There can be numerous reasons why you may want to use an existing DHCP service instead of Smee: Security, compliance, access issues, existing layer 2 constraints, existing automation, and so on.
In environments where there is an existing DHCP service, this DHCP service can be configured to interoperate with Smee. This document will cover how to make your existing DHCP service interoperate with Smee. In this scenario Smee will have no layer 2 DHCP responsibilities.
Note: Currently, Smee is responsible for more than just DHCP. So generally speaking, Smee can't be entirely avoided in the provisioning process.
- HTTP and TFTP servers for iPXE binaries
- HTTP server for iPXE script
- Syslog server (receiver)
As a prerequisite, your existing DHCP must serve host/address/static reservations for all machines. The IP address you select will need to be used in a corresponding Hardware object.

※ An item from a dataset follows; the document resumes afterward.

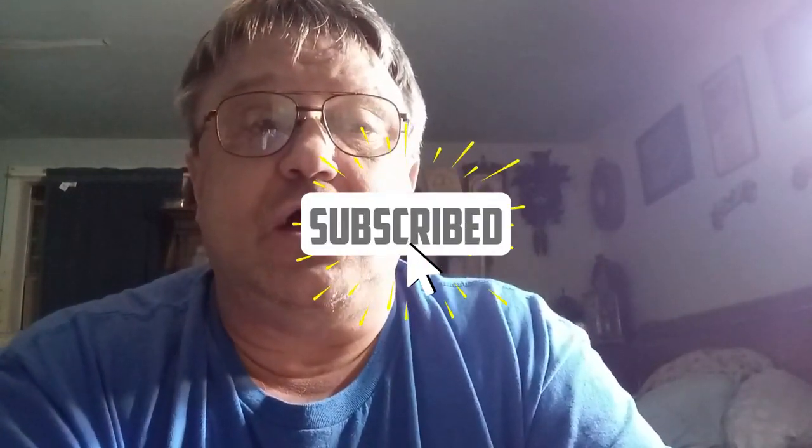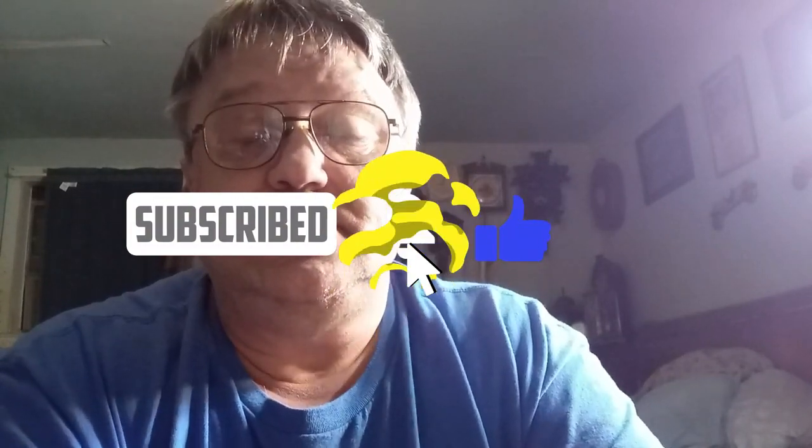Hey everybody, it's Mark again. I've been asked to do a video set for Cuckoo Clock for Beginners, taking you from step one all the way to the end. I've been thinking about what to do during this video set, and we're going to go over a lot of things.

Configure your existing DHCP service to provide the location of the iPXE binary and script. This is a two-step interaction between machines and the DHCP service and enables the network boot process to start.
-
Step 1: The machine broadcasts a request to network boot. Your existing DHCP service then provides the machine with all IPAM info as well as the location of the Tinkerbell iPXE binary (
ipxe.efi). The machine configures its network interface with the IPAM info then downloads the Tinkerbell iPXE binary from the location provided by the DHCP service and runs it. -
Step 2: Now with the Tinkerbell iPXE binary loaded and running, iPXE again broadcasts a request to network boot. The DHCP service again provides all IPAM info as well as the location of the Tinkerbell iPXE script (
auto.ipxe). iPXE configures its network interface using the IPAM info and then downloads the Tinkerbell iPXE script from the location provided by the DHCP service and runs it.
Note The
auto.ipxeis an iPXE script that tells iPXE from where to download the HookOS kernel and initrd so that they can be loaded into memory.
The following diagram illustrates the process described above. Note that the diagram only describes the network booting parts of the DHCP interaction, not the exchange of IPAM info.

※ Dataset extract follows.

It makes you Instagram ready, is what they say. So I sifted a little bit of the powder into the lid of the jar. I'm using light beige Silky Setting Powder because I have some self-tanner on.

Below you will find code snippets showing how to add the two-step process from above to an existing DHCP service. Each config checks if DHCP option 77 (user class option) equals "Tinkerbell". If it does match, then the Tinkerbell iPXE script (auto.ipxe) will be served. If option 77 does not match, then the iPXE binary (ipxe.efi) will be served.
Most DHCP services all customization of a next server option. This option generally corresponds to either DHCP option 66 or the DHCP header sname, reference. This option is used to tell a machine where to download the initial bootloader, reference.
The following code snippets are generic examples of the config needed to enable the two-step process to an existing DHCP service. It does not cover the IPAM info that is also required.
dnsmasq.conf
dhcp-match=tinkerbell, option:user-class, Tinkerbell
dhcp-boot=tag:!tinkerbell,ipxe.efi,none,192.168.2.112
dhcp-boot=tag:tinkerbell,http://192.168.2.112/auto.ipxe
kea.json
{
"Dhcp4": {
"client-classes": [
{
"name": "tinkerbell",
"test": "substring(option[77].hex,0,10) == 'Tinkerbell'",
"boot-file-name": "http://192.168.2.112/auto.ipxe"
},
{
"name": "default",
"test": "not(substring(option[77].hex,0,10) == 'Tinkerbell')",
"boot-file-name": "ipxe.efi"
}
],
"subnet4": [
{
"next-server": "192.168.2.112"
}
]
}
}dhcpd.conf
if exists user-class and option user-class = "Tinkerbell" {
filename "http://192.168.2.112/auto.ipxe";
} else {
filename "ipxe.efi";
}
next-server "192.168.1.112";
Please follow the ipxe.org guide on how to configure Microsoft DHCP server.